_Web page caption snippets_:
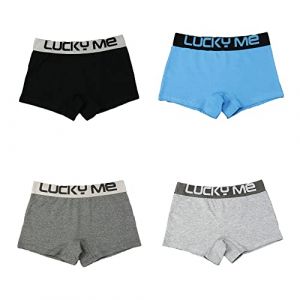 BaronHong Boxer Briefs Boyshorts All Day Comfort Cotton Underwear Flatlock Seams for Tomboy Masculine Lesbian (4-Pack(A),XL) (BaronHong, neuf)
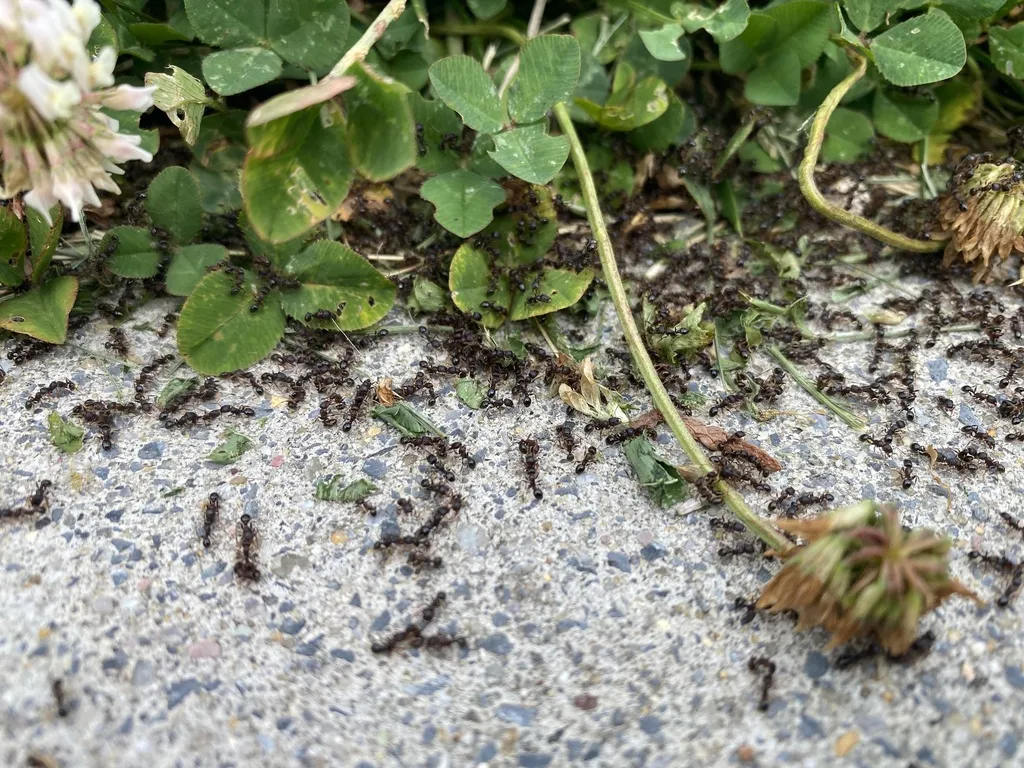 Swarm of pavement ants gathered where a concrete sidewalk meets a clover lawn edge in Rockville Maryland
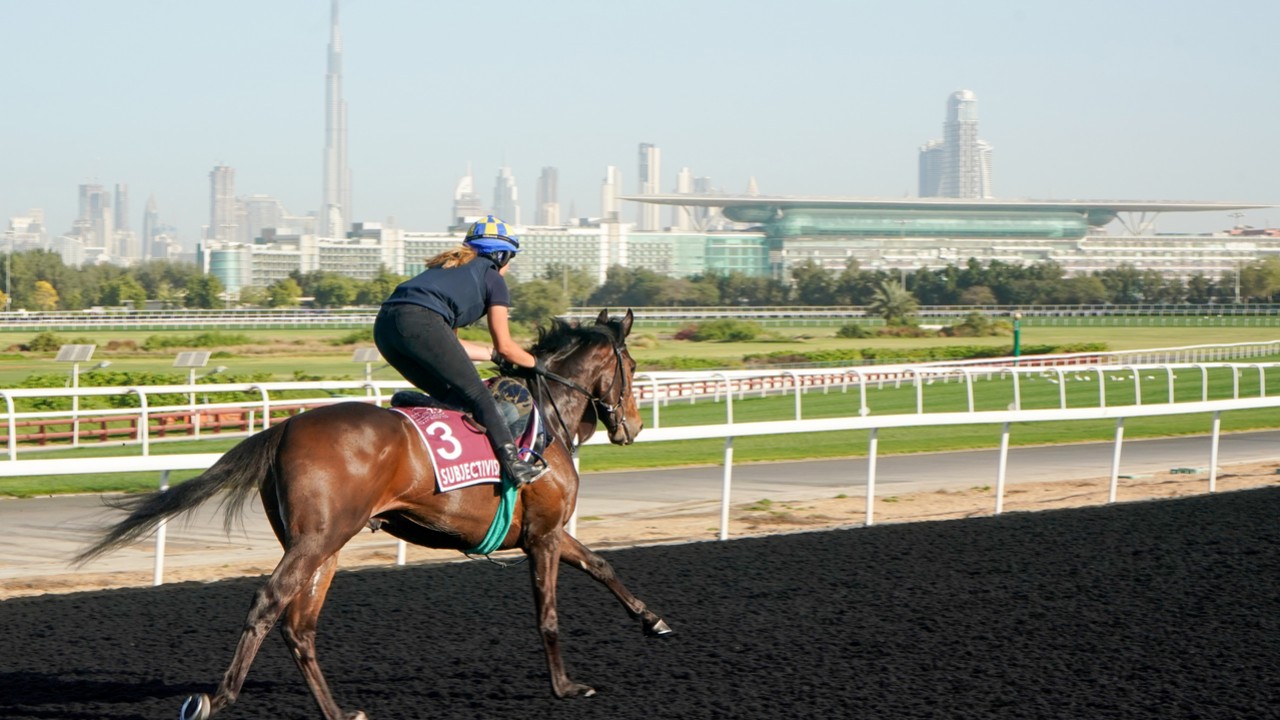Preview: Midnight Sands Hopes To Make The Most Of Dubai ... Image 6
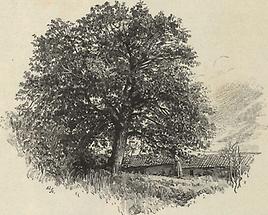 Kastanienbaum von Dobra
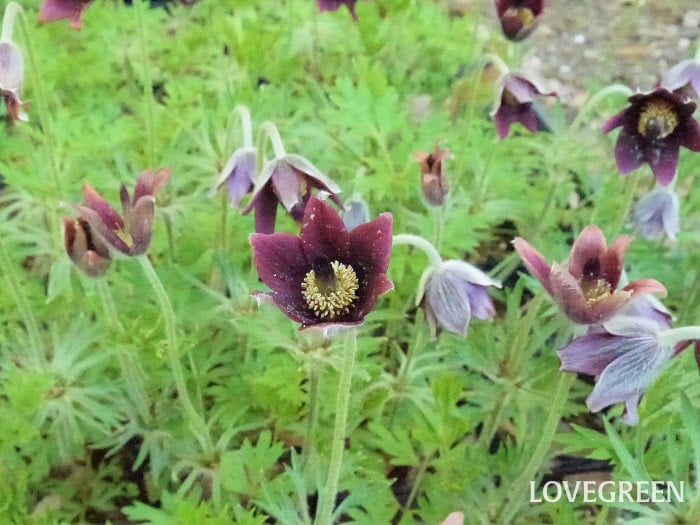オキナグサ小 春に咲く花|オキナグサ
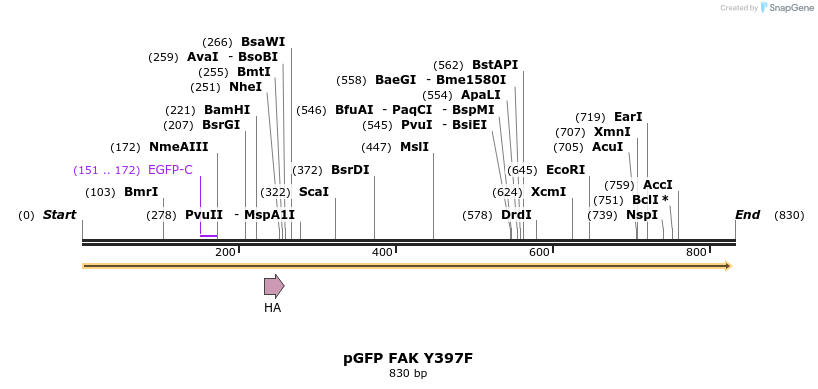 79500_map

_The problem_:
All entries above must be printed again verbatim, with images excluded.

_Exercise solution_:
 BaronHong Boxer Briefs Boyshorts All Day Comfort Cotton Underwear Flatlock Seams for Tomboy Masculine Lesbian (4-Pack(A),XL) (BaronHong, neuf)
 Swarm of pavement ants gathered where a concrete sidewalk meets a clover lawn edge in Rockville Maryland
Preview: Midnight Sands Hopes To Make The Most Of Dubai ... Image 6
 Kastanienbaum von Dobra
オキナグサ小 春に咲く花|オキナグサ
 79500_map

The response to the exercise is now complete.